Les deux préaux tiennent plus de la salle de bal que de la cour de récréation. Leurs plafonds en staff imitant la terre cuite sont veinés de lignes fluides typiques de l’Art nouveau, et leurs centres percés de vitraux jaunes. Deux grandes peintures signées Maurice Langaskens et Henri Privat-Livemont glorifient l’étude, le travail et l’éducation dans des mises en scènes champêtres et allégoriques. Privat-Livemont est aussi l’auteur des sgraffites* : les portraits en médaillon du roi Albert Ier et de la reine Elisabeth sur les murs du gymnase; la frise japonisante d’oiseaux et de nuages dans le couloir de la direction pavé de mosaïques représentant des jouets.

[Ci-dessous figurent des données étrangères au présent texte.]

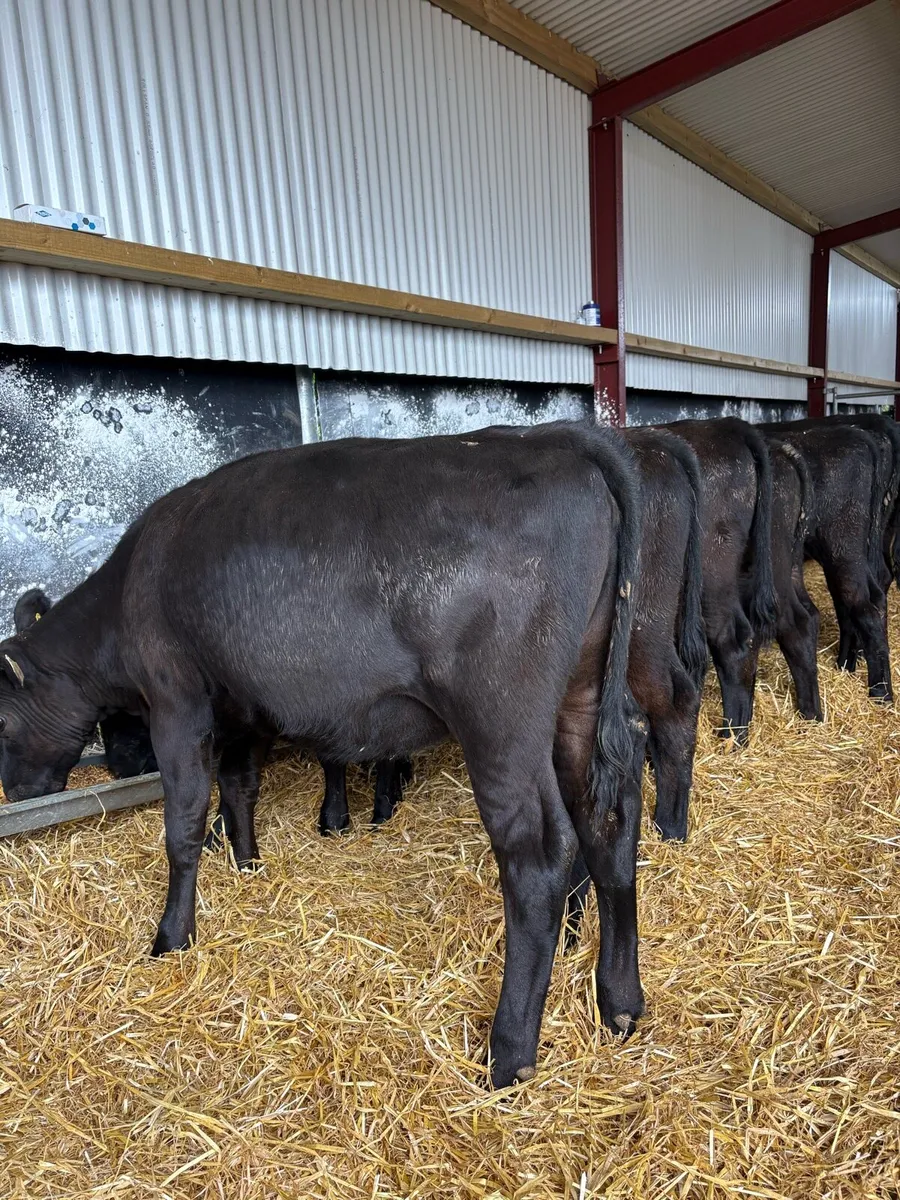 10 top quality 230kg Angus heifers - Image 2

Les larges baies, les briques polychromes et les carreaux émaillés terminent de créer un environnement lumineux et coloré, à la conception novatrice.

 

La Maison Brunfaut à Uccle

Au 85 de l’avenue Coghen à Uccle se dresse une maison de type bel-étage, construite en 1937 par l’architecte Gaston Brunfaut (1894-1974) dans le plus pur style moderniste, branche créatrice de l’entre-deux-guerres, plus fonctionnelle et moins ostentatoire que l’Art Déco. Défendu par des architectes animés par l’idée de progrès et de démocratie, le modernisme entendait créer un nouveau monde satisfaisant les besoins de la vie pratique et ceux de la sensibilité.

 

Les qualités esthétiques de la maison Brunfaut résident donc dans sa fonctionnalité et sa simplicité. Par son grand hublot, la façade aux formes géométriques évoque les paquebots. Elle rappelle les tableaux de Mondrian par le jeu des lignes rythmant les longues baies aux châssis métalliques. Les espaces sont dépouillés et confortables, baignés généreusement par la lumière. La cage d’escalier offre une circulation fluide et sa rampe ondoyante invite à la progression sans effort. La toiture-terrasse du second étage, élément spécifique de cette architecture parfois qualifiée de cubiste, a été couverte pour créer un jardin d’hiver.

 

Gaston Brunfaut est à l’origine de nombreux logements sociaux et habitations bruxelloises. Avec son frère Fernand (1886-1972) et son neveu Maxime (1909-2003), il forme un clan d’architectes socialistes convaincus, défenseurs de grands programmes urbanistiques, concepteurs de cités-jardins, de Maisons du peuple, de piscines, de stations de métro.